Lora Delane Porter eyed them grimly. It was the hour of her defeat, and
she knew it. Forces too strong for her were at work. Her grand attack,
the bringing of these two together that Ruth might confront Kirk in his
guilt, had recoiled upon her. The Old Guard had made their charge up
the hill, and it had failed. Victory had become a rout. With one speech
Steve had destroyed her whole plan of campaign.
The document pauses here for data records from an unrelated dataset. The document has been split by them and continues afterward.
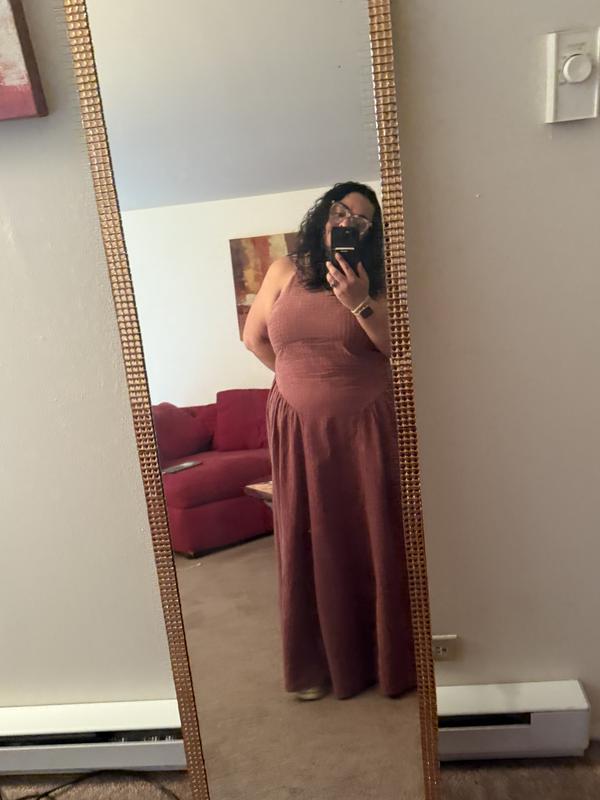 burgundy flower dresses Simply Breathless Burgundy Floral Print Strapless Maxi Dress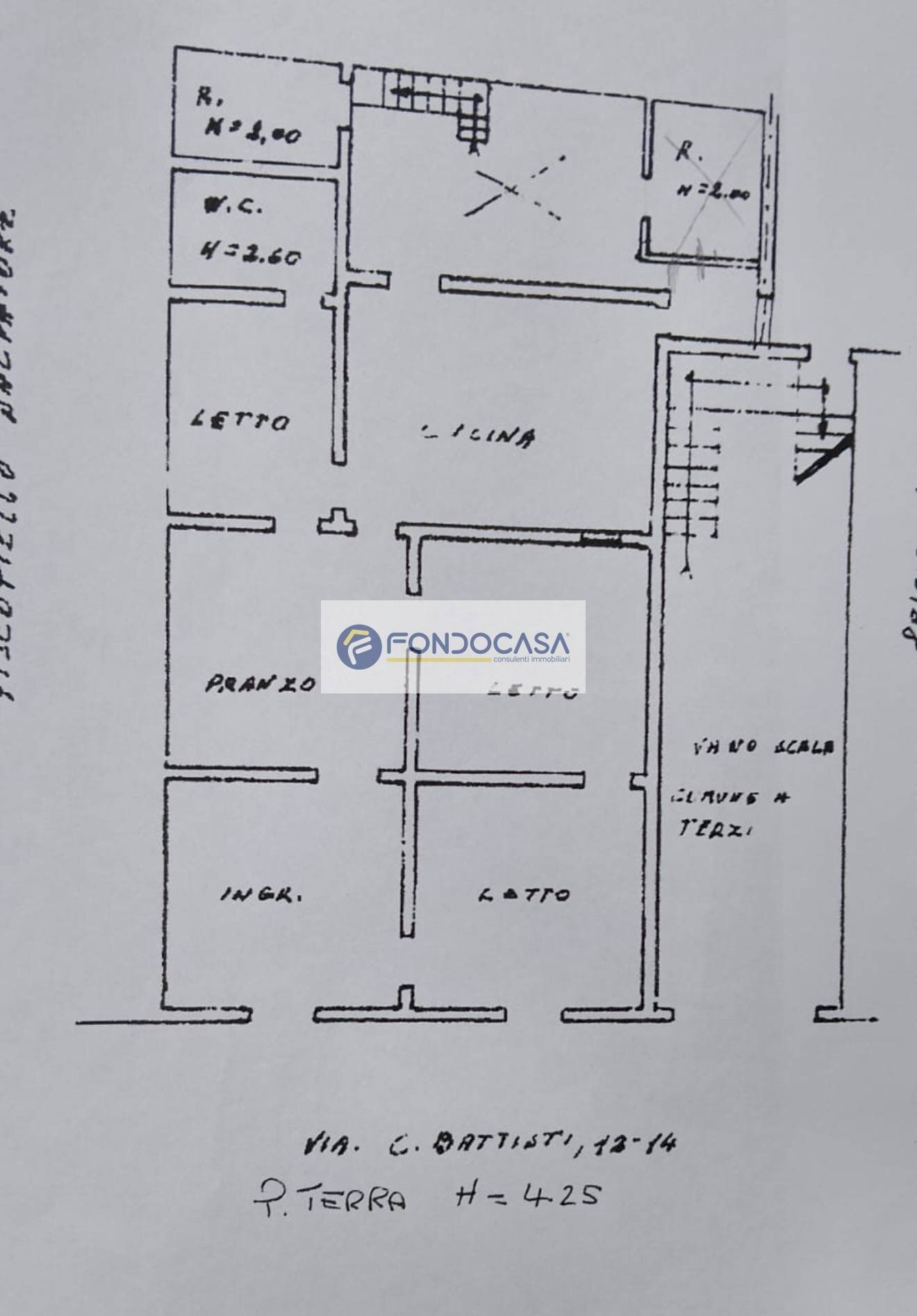 Foto 27 - Independent house Via Cesare Battisti
 
10, Cavallino - floor plans 1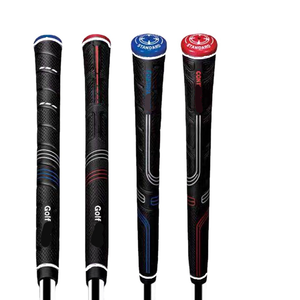 Poignée De Putter Pure Classic Midsize – Bleue, Caoutchouc, Neuve, Taille Standard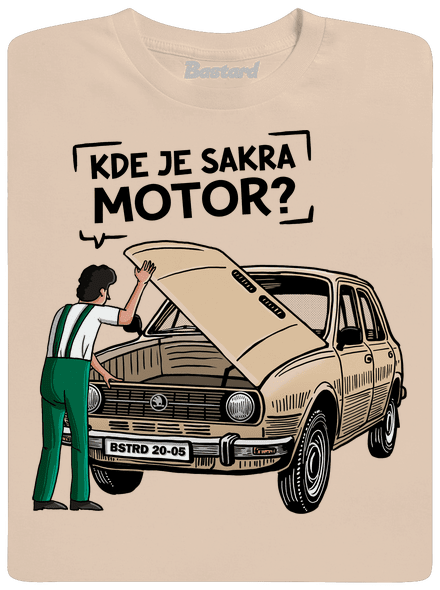 Kde je motor?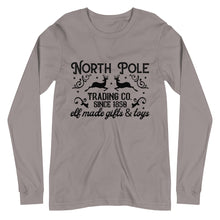 Load image into Gallery viewer, North Pole Long Sleeve Tee
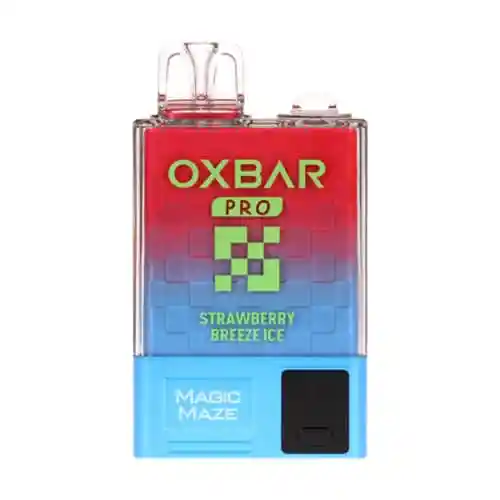 Oxbar Pro Strawberry Breeze Ice 10000💨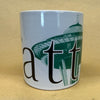 Starbucks Seattle City Mug Series Space Needle-1994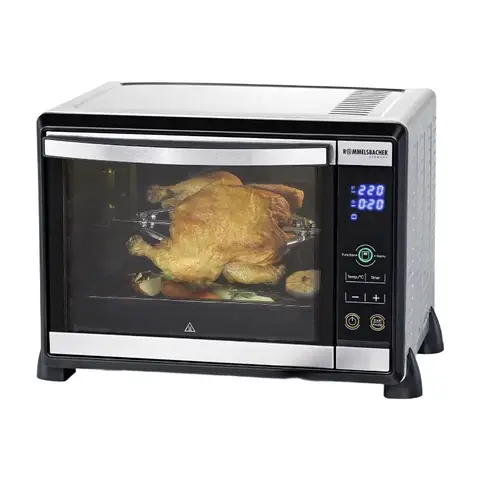 Rommelsbacher Elektrische Bak- en Grilloven BGE 1580/E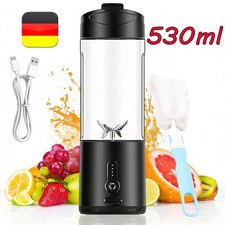 Smoothie Maker to Go, 530ml Tragbarer Mixer, ...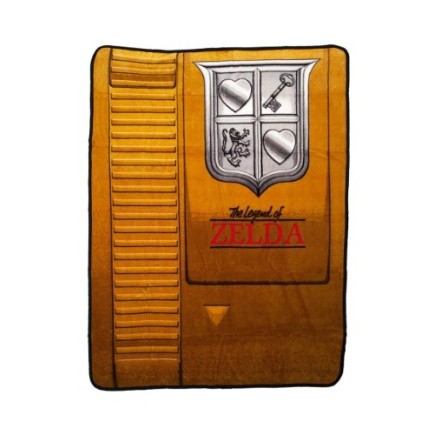 Legend of Zelda Gold Cartridge Throw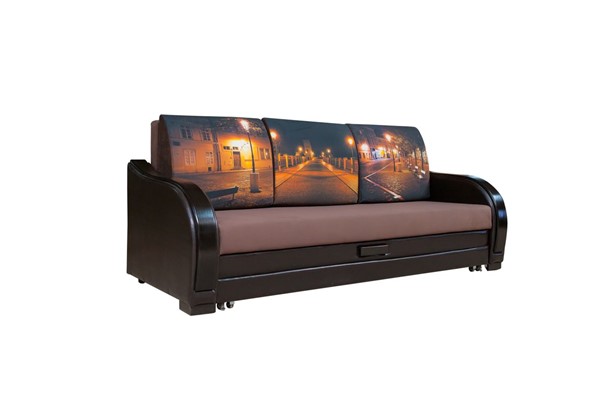 Прямой диван Дуглас 2, премьера в Артеме - изображение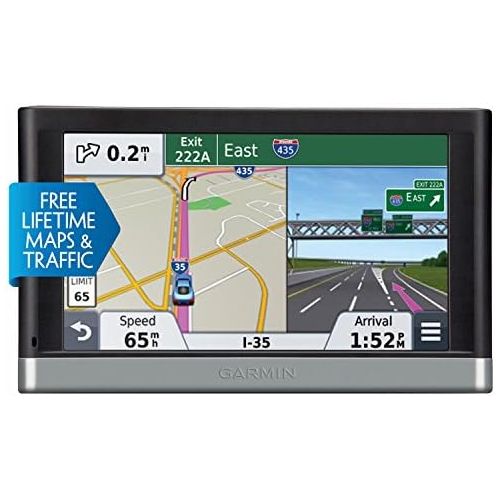 가민 [아마존베스트]Garmin nuevi 2497LMT 4.3-Inch Portable Vehicle GPS with Lifetime Maps and Traffic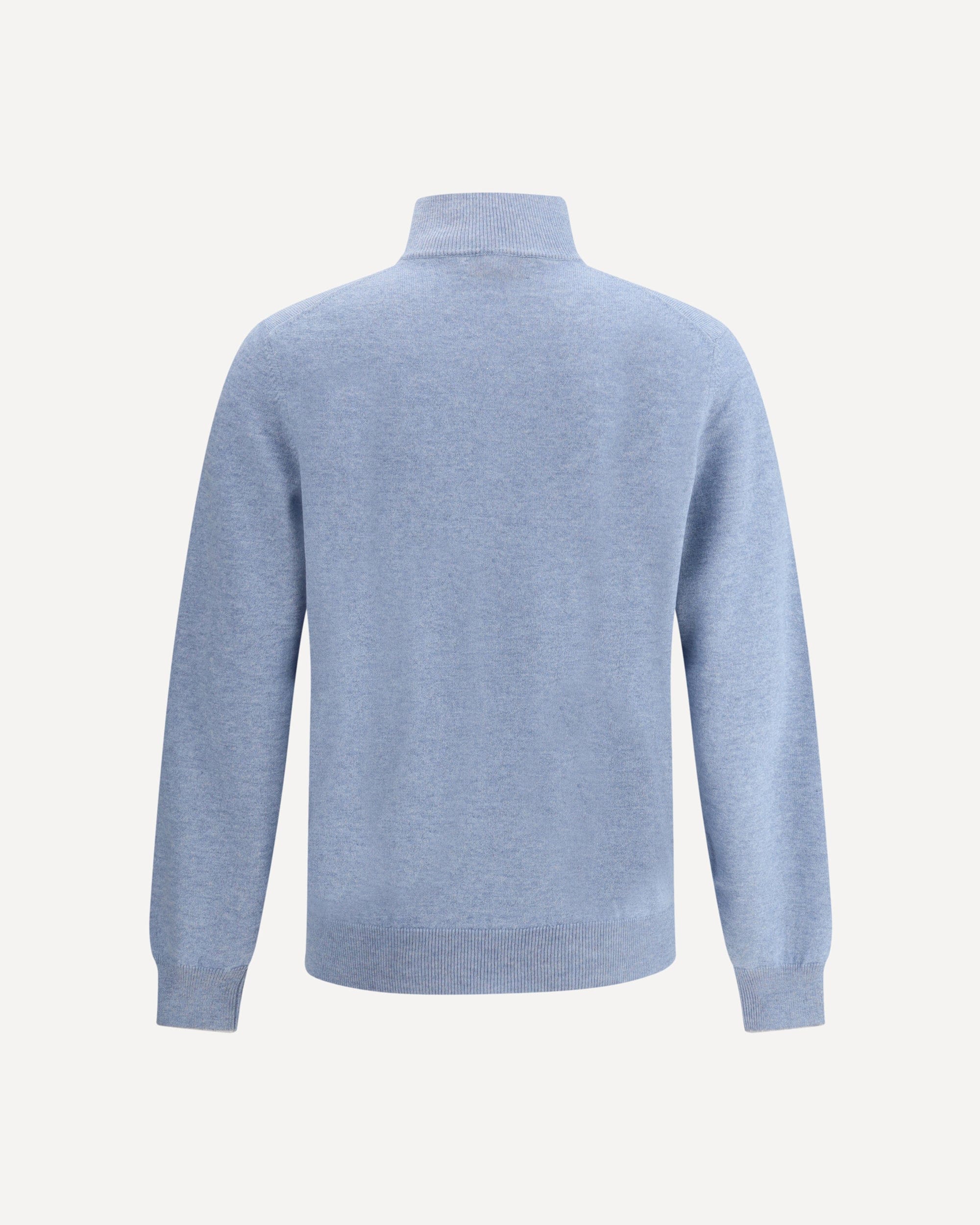 Brunello Cucinelli Cashmere Half-Zip Turtleneck Sweater - alternate view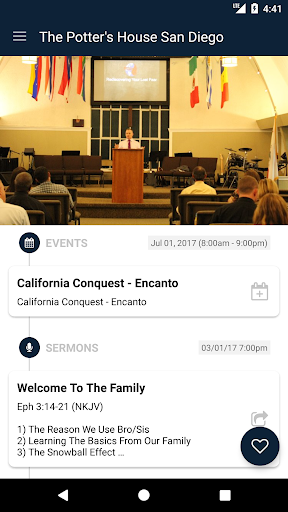 The Potters House San Diego Screen 2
She knew it was all over, that in another moment if she remained, she
would be compelled to witness the humiliating spectacle of Ruth in
Kirk's arms, stammering the words which intuition told her were even
now trembling on her lips. She knew Ruth. She could read her like a
primer. And her knowledge told her that she was about to capitulate,
that all her pride and resentment had been swept away, that she had
gone over to the enemy.
Elemental passions were warring against Lora Delane Porter, and she
bowed before them.
'Mr. Winfield,' she said sharply, her voice cutting the silence like a
knife, 'I beg your pardon. I seem to have made a mistake. Good night.'
Kirk did not answer.
'Good night, Ruth.'
Ruth made no sign that she had heard.
Mrs. Porter, grand in defeat, moved slowly to the door.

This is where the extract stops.